I'm working on a simple ordering system in MySQL and I came across this snag that I'm hoping some SQL genius can help me out with.
I have a table for Orders, Payments (with a foreign key reference to the Order table), and OrderItems (also, with a foreign key reference to the Order table) and what I would like to do is get the total outstanding balance (Total and Paid) for the Order with a single query. My initial thought was to do something simple like this:
SELECT Order.*, SUM(OrderItem.Amount) AS Total, SUM(Payment.Amount) AS Paid
FROM Order
JOIN OrderItem ON OrderItem.OrderId = Order.OrderId
JOIN Payment ON Payment.OrderId = Order.OrderId
GROUP BY Order.OrderId
However, if there are multiple Payments or multiple OrderItems, it messes up Total or Paid, respectively (eg.

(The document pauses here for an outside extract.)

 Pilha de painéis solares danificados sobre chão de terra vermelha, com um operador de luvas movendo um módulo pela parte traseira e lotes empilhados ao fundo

One OrderItem record with an amount of 100 along with two Payment Records will produce a Total of 200).
In order to overcome this, I can use some subqueries in the following way:
SELECT Order.OrderId, OrderItemGrouped.Total, PaymentGrouped.Paid
FROM Order
JOIN (
SELECT OrderItem.OrderId, SUM(OrderItem.Amount) AS Total
FROM OrderItem
GROUP BY OrderItem.OrderId
) OrderItemGrouped ON OrderItemGrouped.OrderId = Order.OrderId
JOIN (
SELECT Payment.OrderId, SUM(Payment.Amount) AS Paid
FROM Payment
GROUP BY Payment.OrderId
) PaymentGrouped ON PaymentGrouped.OrderId = Order.OrderId
As you can imagine (and as an EXPLAIN on this query will show), this is not exactly an optimal query so, I'm wondering, is there any way to convert these two subqueries with GROUP BY statements into JOINs?

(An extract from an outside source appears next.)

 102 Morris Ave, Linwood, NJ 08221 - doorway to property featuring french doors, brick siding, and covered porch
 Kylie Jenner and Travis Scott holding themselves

The following is likely to be faster with the right indexes:
select o.OrderId,
(select sum(oi.Amount)
from OrderItem oi
where oi.OrderId = o.OrderId
) as Total,
(select sum(p.Amount)
from Payment p
where oi.OrderId = o.OrderId
) as Paid
from Order o;
The right indexes are OrderItem(OrderId, Amount) and Payment(OrderId, Amount).
I don't like writing aggregation queries this way, but it can sometimes help performance in MySQL.

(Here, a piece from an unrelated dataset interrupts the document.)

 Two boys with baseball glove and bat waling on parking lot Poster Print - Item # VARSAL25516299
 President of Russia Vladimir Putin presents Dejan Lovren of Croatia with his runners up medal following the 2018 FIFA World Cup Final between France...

Some answers have already suggested using a correlated subquery, but have not really offered an explanation as to why. MySQL does not materialise correlated subqueries, but it will materialise a derived table. That is to say with a simplified version of your query as it is now:
SELECT Order.OrderId, OrderItemGrouped.Total
FROM Order
JOIN (
SELECT OrderItem.OrderId, SUM(OrderItem.Amount) AS Total
FROM OrderItem
GROUP BY OrderItem.OrderId
) OrderItemGrouped ON OrderItemGrouped.OrderId = Order.OrderId;
At the start of execution MySQL will put the results of your subquery into a temporary table, and hash this table on OrderId for faster lookups, whereas if you run:
SELECT Order.OrderId,
( SELECT SUM(OrderItem.Amount)
FROM OrderItem
WHERE OrderItem.OrderId = OrderId
) AS Total
FROM Order;
The subquery will be executed once for each row in Order. If you add something like WHERE Order.OrderId = 1, it is obviously not efficient to aggregate the entire OrderItem table, hash the result to only lookup one value, but if you are returning all orders then the inital cost of creating the hash table will make up for itself it not having to execute the subquery for every row in the Order table.
If you are selecting a lot of rows and feel the materialisation will be of benefit, you can simplifiy your JOIN query as follows:
SELECT Order.OrderId, SUM(OrderItem.Amount) AS Total, PaymentGrouped.Paid
FROM Order
INNER JOIN OrderItem
ON OrderItem.OrderID = Order.OrderID
INNER JOIN
( SELECT Payment.OrderId, SUM(Payment.Amount) AS Paid
FROM Payment
GROUP BY Payment.OrderId
) PaymentGrouped
ON PaymentGrouped.OrderId = Order.OrderId;
GROUP BY Order.OrderId, PaymentGrouped.Paid;
Then you only have one derived table.

What about something like this:
SELECT Order.OrderId, (
SELECT SUM(OrderItem.Amount)
FROM OrderItem as OrderItemGrouped
where
OrderItemGrouped.OrderId = Order.OrderId
), AS Total,
(
SELECT SUM(Payment.Amount)
FROM Payment as PaymentGrouped
where
PaymentGrouped.OrderId = Order.OrderId
) as Paid
FROM Order
PS: You win again #Gordon xD

Select o.orderid, i.total, s.paid
From orders o
Left join (select orderid, sum(amount)
From orderitem) i
On i.orderid = o.orderid
Ieft join (select orderid, sum(amount)
From payments) s
On s.orderid = o.orderid

Related

SQL How to select original(distinct) values from table without using distinct, group by and over keywords?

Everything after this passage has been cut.